The most commonly used normalization impedance is 50 ohms.

File:Smith chart bmd.gif

Point Q 20 is wmith equivalent of P 20 but expressed as a normalised admittance. Considering the point at infinity, the space of the new chart includes all possible loads. Dealing with the reciprocalsespecially in complex numbers, is more time consuming and error-prone than using linear addition.

Once the result is obtained it may be de-normalised to obtain the actual result.

Smith chart – Wikipedia

To graphically change this to the equivalent normalised admittance point, say Q1, a line is drawn with a ruler from P1 through the Smith chart centre to Q1, an equal radius in the opposite direction. The analysis starts with a Z Smith chart looking into R 1 only with no other components present.

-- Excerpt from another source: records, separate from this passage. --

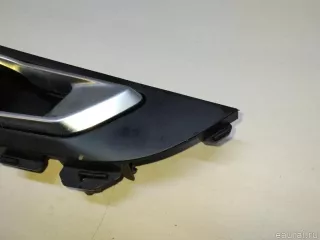 403003554AA Chery Ручка двери передней внутренняя правая Chery Tiggo  2 Арт E23514654, вид 4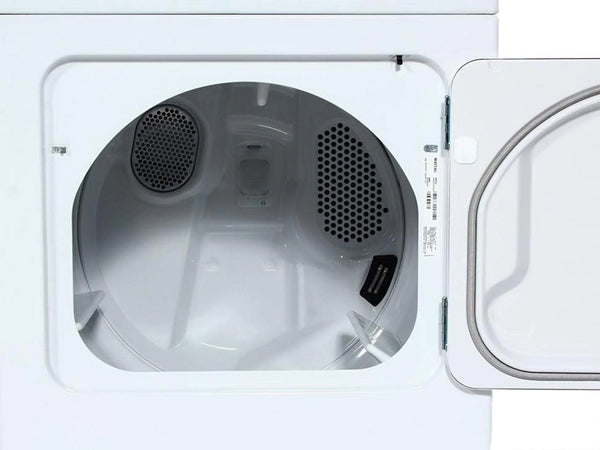 SECADORA-MAYTAG-19K-7mmgdc300dw-5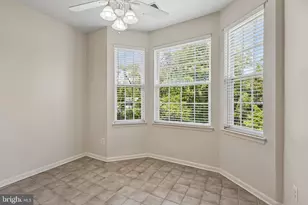 1972 Scotts Crossing Way, Annapolis, MD 21401 - Photo 6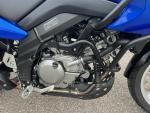 Klikněte pro detailní foto č. 4 - Suzuki DL 650 V-Strom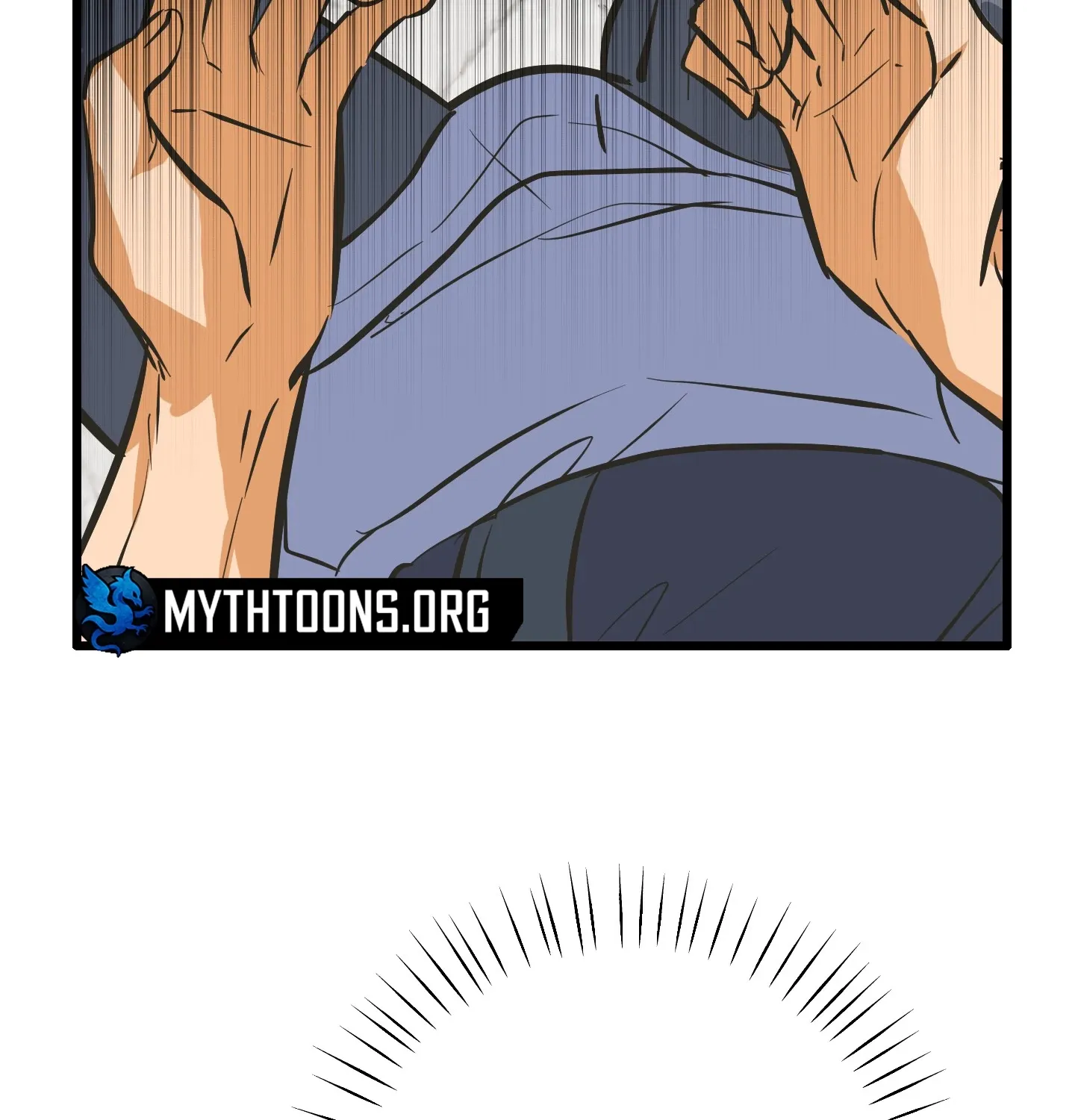 Read Breathtaking Alliance chapter 18 image 26 on Lezhin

Again, these may be obtained either by calculation or using a Smith chart as shown, converting between the normalised impedance and normalised admittances planes. In the complex reflection coefficient plane the Smith chart occupies a circle of unity radius centred at the origin. A point with a reflection coefficient magnitude 0. Alternatively, one type may be used and the scaling converted to the other when required. The region above the x-axis represents inductive impedances positive imaginary parts and the region below the x -axis represents capacitive impedances negative imaginary parts.

Here the electrical behaviour of many lumped components becomes rather unpredictable. The degrees scale represents the angle of the voltage reflection coefficient at that point. The path along the arc of the circle represents how the impedance changes whilst moving along the transmission line. In fact this value is not actually used.

If the termination was a perfect open or short circuit the magnitude of the voltage reflection coefficient would be unity, all power would be reflected and the point would lie at some point on the unity circumference circle of the Smith chart.

For the loss free case therefore, the expression for complex reflection coefficient becomes.